**Problem to solve:**
A faithful copy of the data below is required, leaving out every picture.
======== Data listing
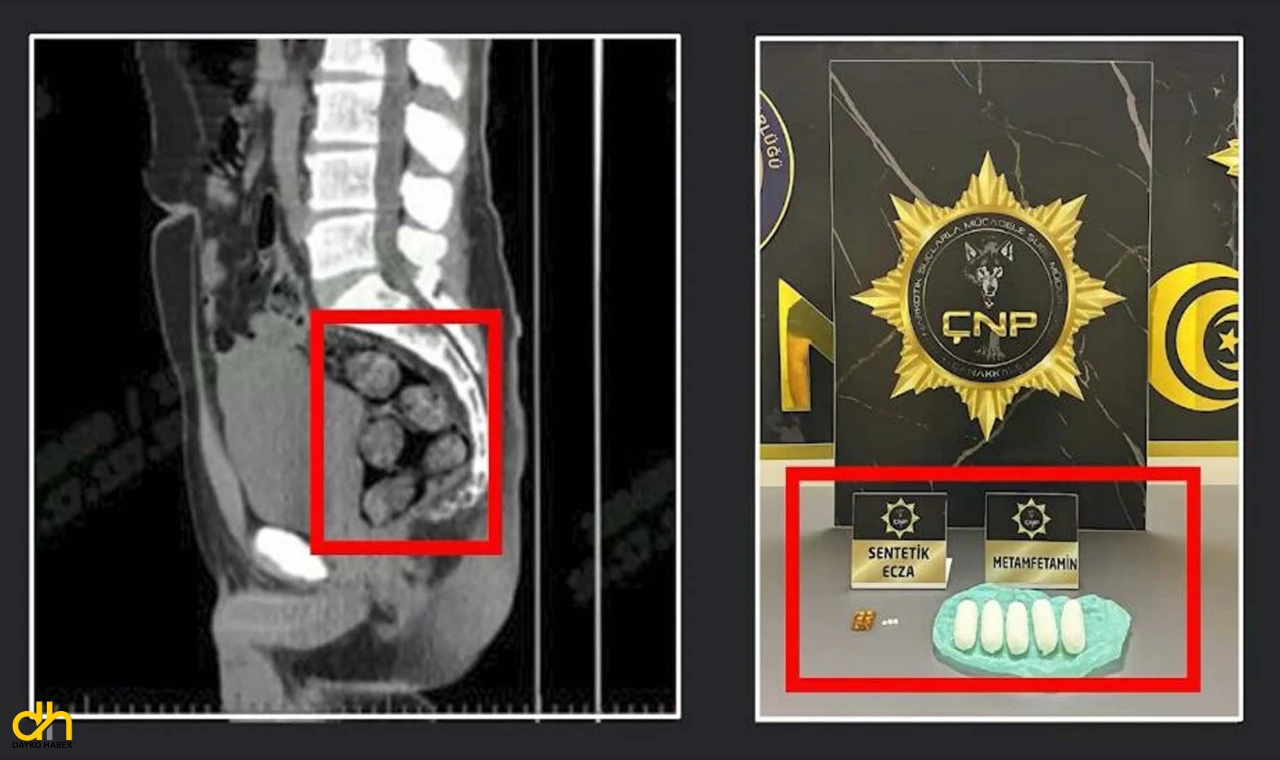 İran’dan gelen yolcu, midesinde 173,15 gram metamfetamin ile yakalandı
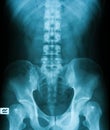 X-ray image of Plan KUB. Royalty Free Stock Photo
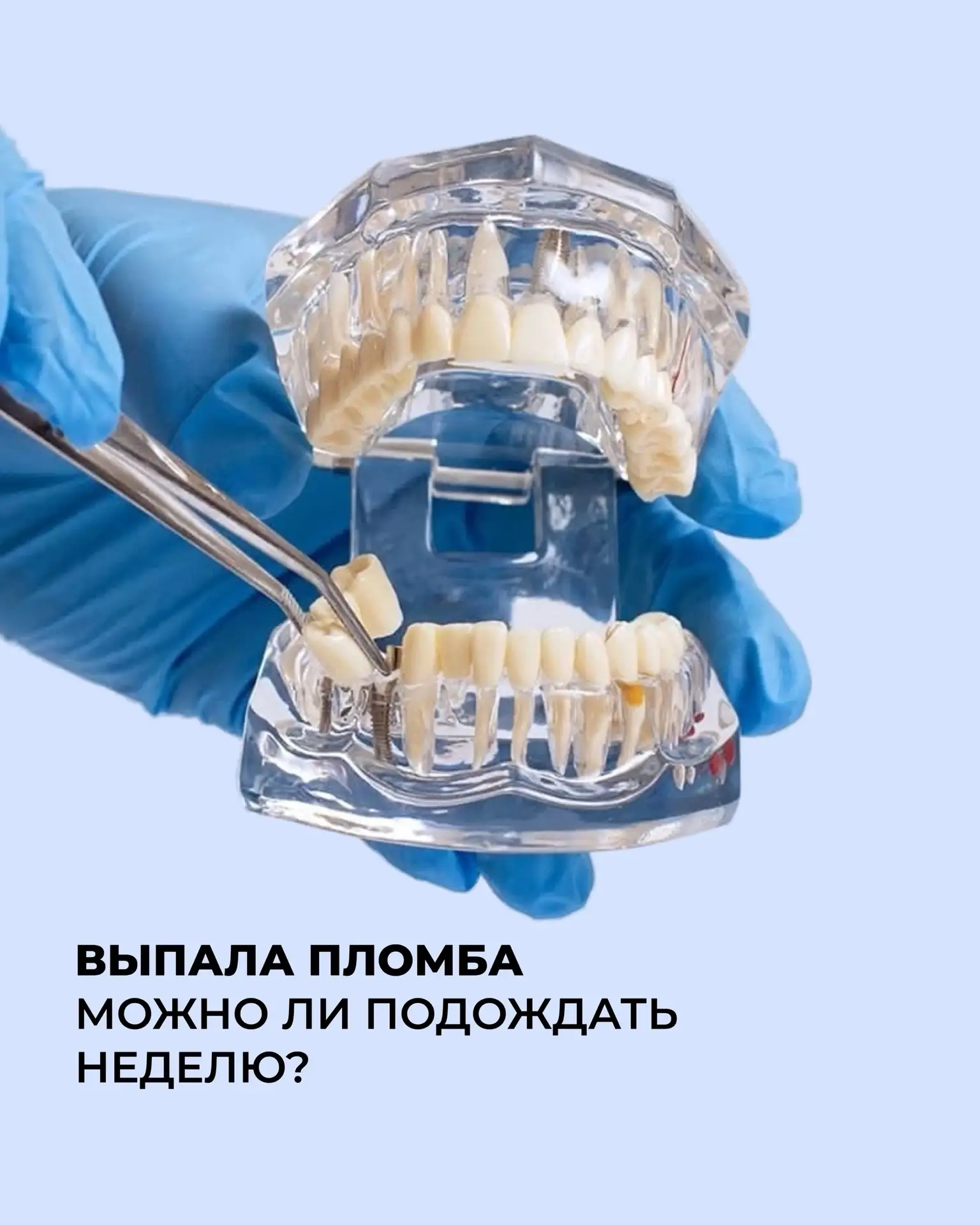 ВЫПАЛА ПЛОМБА
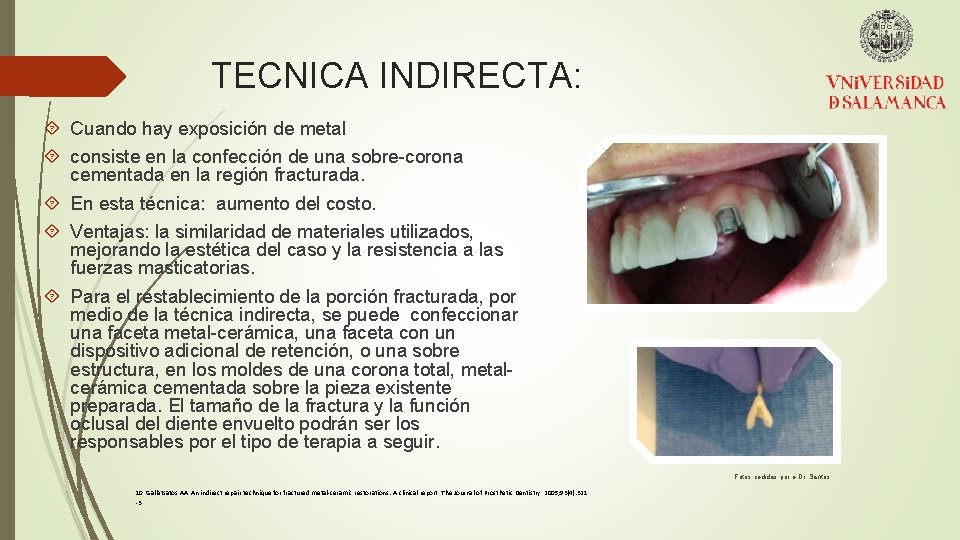 TECNICA INDIRECTA: Cuando hay exposición de metal consiste en la confección de una sobre-corona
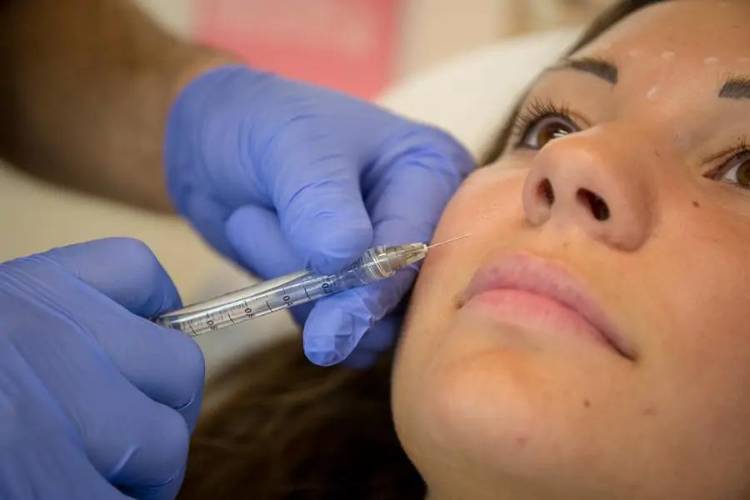filler acido ialuronico thiene vicenza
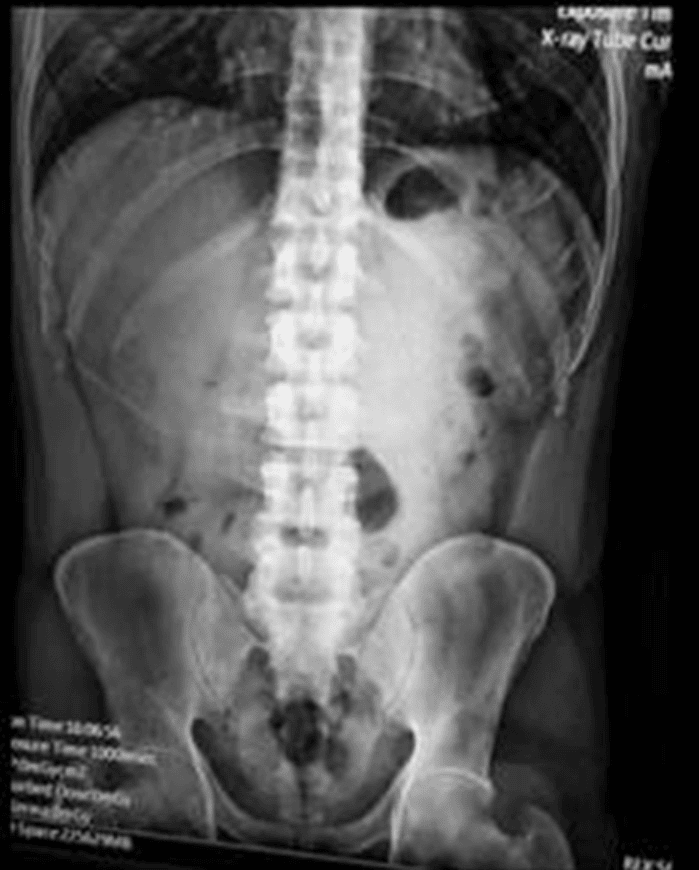 Intususcepción ileo-cecal Radiografía simple del abdomen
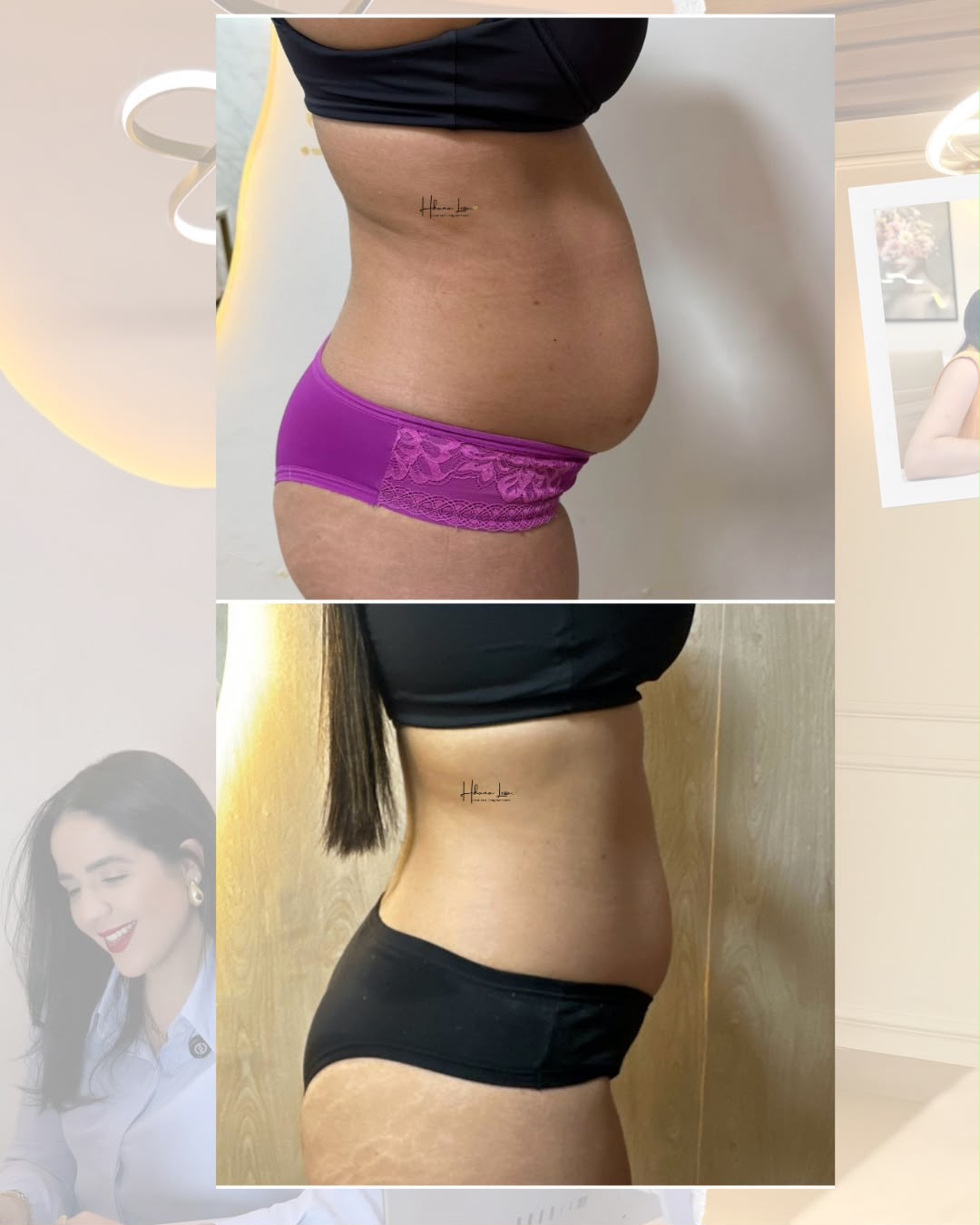 Resultado 2 · montagem de antes e depois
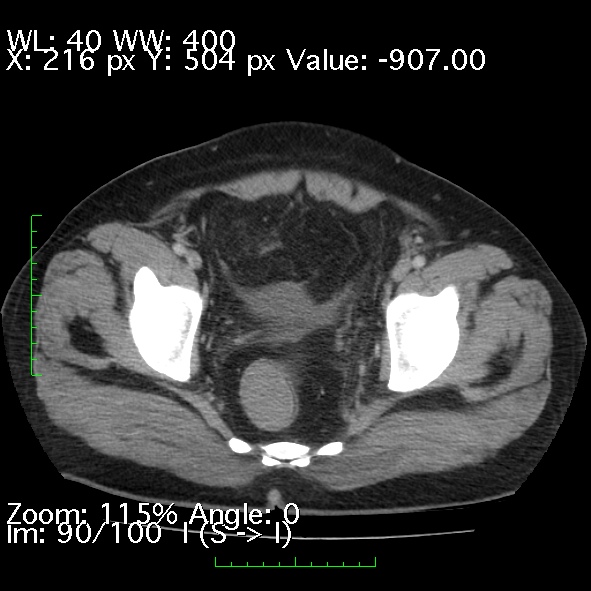 Acute pancreatitis (Radiopaedia 34043-35276 Axial C+ portal venous phase 90).jpg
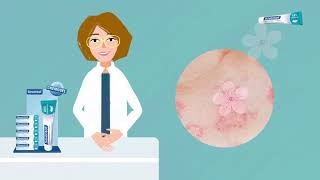 Anwendung Soventol HydroCort 02.21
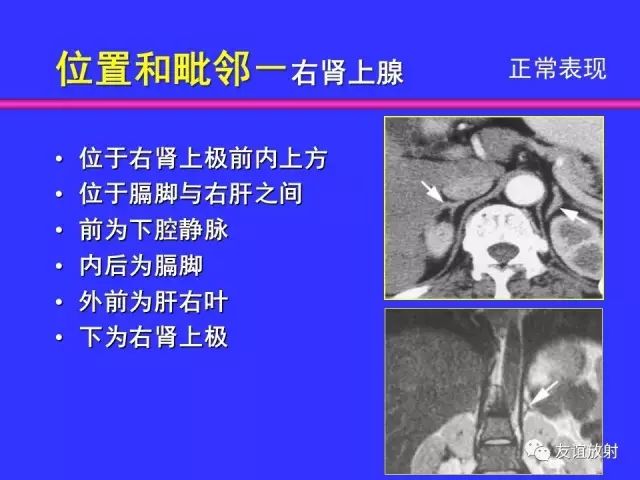 影像PPT - 【PPT】腹部脏器影像解剖及CT、MRI读片原则-99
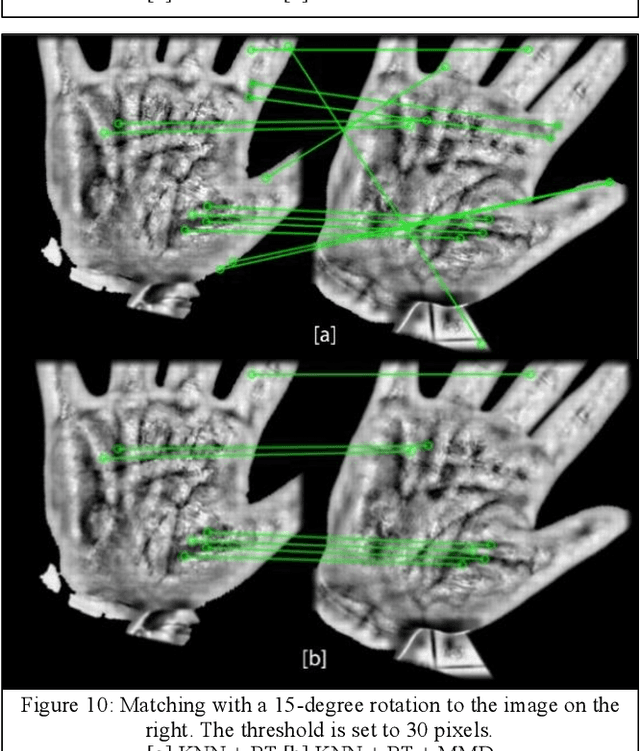 Figure 2 for Robust Palm-Vein Recognition Using the MMD Filter: Improving SIFT-Based Feature Matching
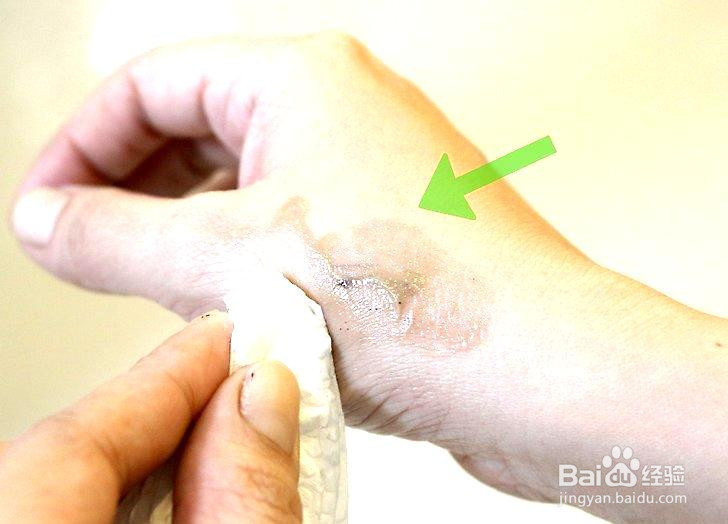 去除皮肤上的染料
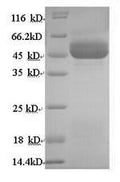 Recombinant Human 11-beta-hydroxysteroid dehydrogenase type 2 (HSD11B2) – Figure 1 of 1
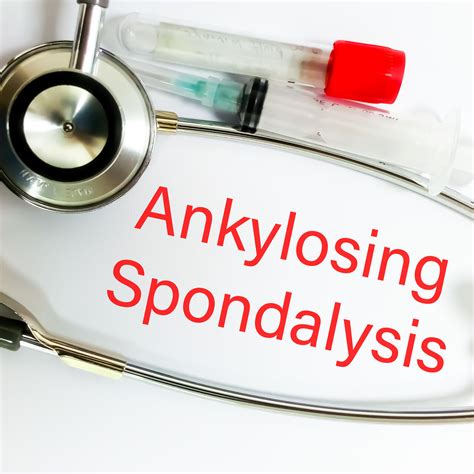 Pfizer's Xeljanz approved for ankylosing spondylitis | Seeking Alpha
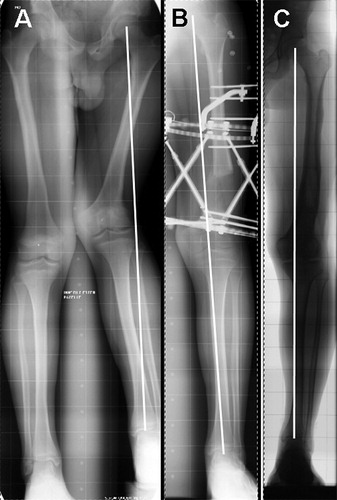 Figure 1. A 14-year-old boy with shortening and valgus deformity after physeal injury at the left distal femoral physis. Long standing radiograph initially (panel A), when the lengthening and axis correction were completed (B), and 12 months after frame removal (C).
================
**Answer box:**
 İran’dan gelen yolcu, midesinde 173,15 gram metamfetamin ile yakalandı
 X-ray image of Plan KUB. Royalty Free Stock Photo
 ВЫПАЛА ПЛОМБА
 TECNICA INDIRECTA: Cuando hay exposición de metal consiste en la confección de una sobre-corona
filler acido ialuronico thiene vicenza
 Intususcepción ileo-cecal Radiografía simple del abdomen
 Resultado 2 · montagem de antes e depois
 Acute pancreatitis (Radiopaedia 34043-35276 Axial C+ portal venous phase 90).jpg
 Anwendung Soventol HydroCort 02.21
 影像PPT - 【PPT】腹部脏器影像解剖及CT、MRI读片原则-99
 Figure 2 for Robust Palm-Vein Recognition Using the MMD Filter: Improving SIFT-Based Feature Matching
 去除皮肤上的染料
 Recombinant Human 11-beta-hydroxysteroid dehydrogenase type 2 (HSD11B2) – Figure 1 of 1
 Pfizer's Xeljanz approved for ankylosing spondylitis | Seeking Alpha
 Figure 1. A 14-year-old boy with shortening and valgus deformity after physeal injury at the left distal femoral physis. Long standing radiograph initially (panel A), when the lengthening and axis correction were completed (B), and 12 months after frame removal (C).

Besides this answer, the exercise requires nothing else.